What to do: When you reproduce the data, keep every word exactly as it stands and leave the pictures out.

Given data:
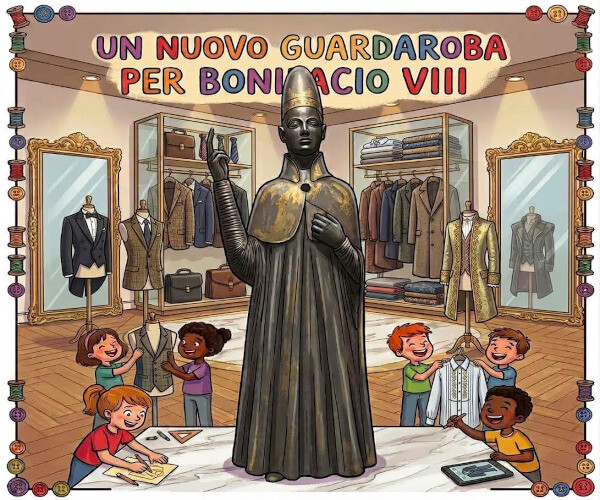 copertina di Un nuovo guardaroba per Bonifacio VIII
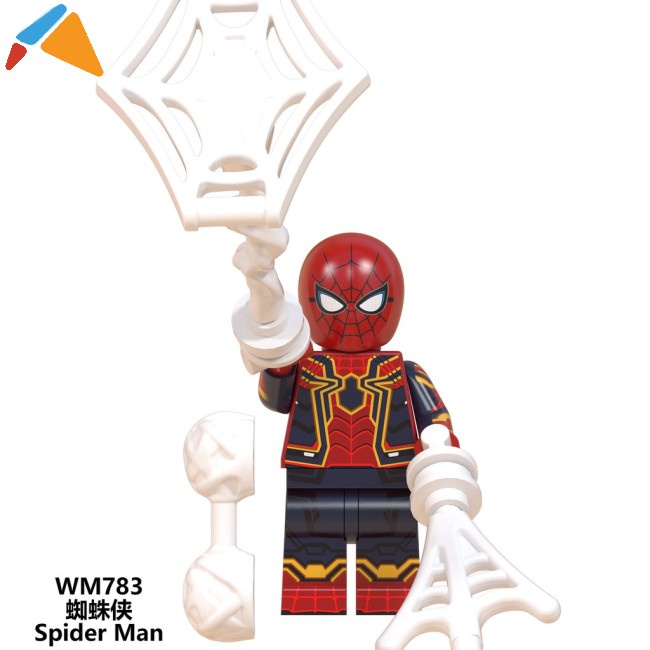 Bộ Đồ Chơi Lắp Ráp Lego Siêu Anh Hùng Marvel Người Nhện Cho Trẻ Em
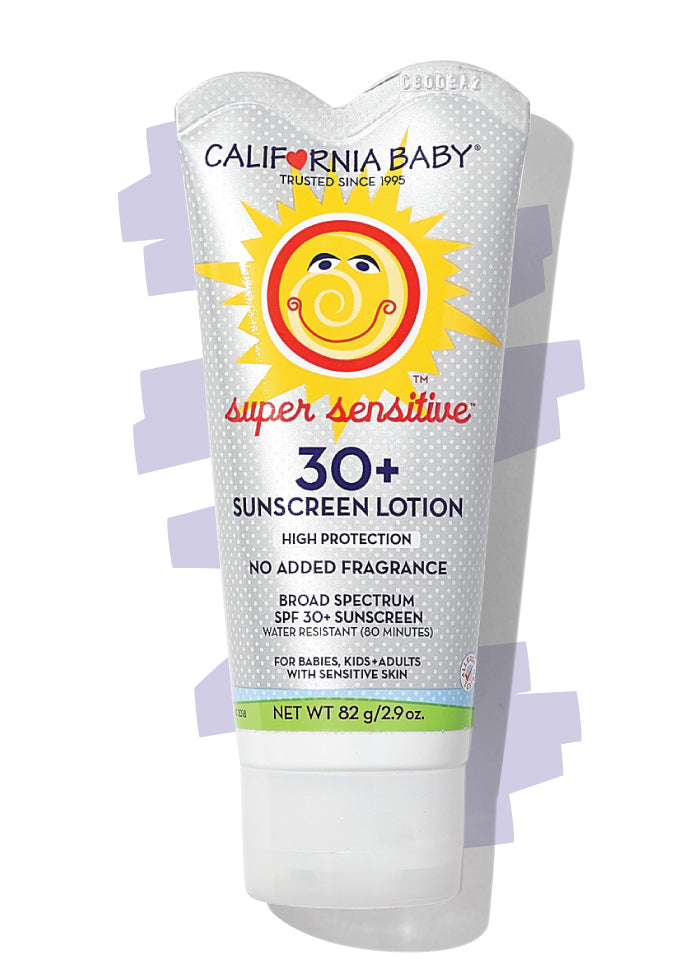 Super Sensitive™ Broad Spectrum SPF 30+ Sunscreen — Fragrance-Free & Reef-Safe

Answer box:
 copertina di Un nuovo guardaroba per Bonifacio VIII
 Bộ Đồ Chơi Lắp Ráp Lego Siêu Anh Hùng Marvel Người Nhện Cho Trẻ Em
 Super Sensitive™ Broad Spectrum SPF 30+ Sunscreen — Fragrance-Free & Reef-Safe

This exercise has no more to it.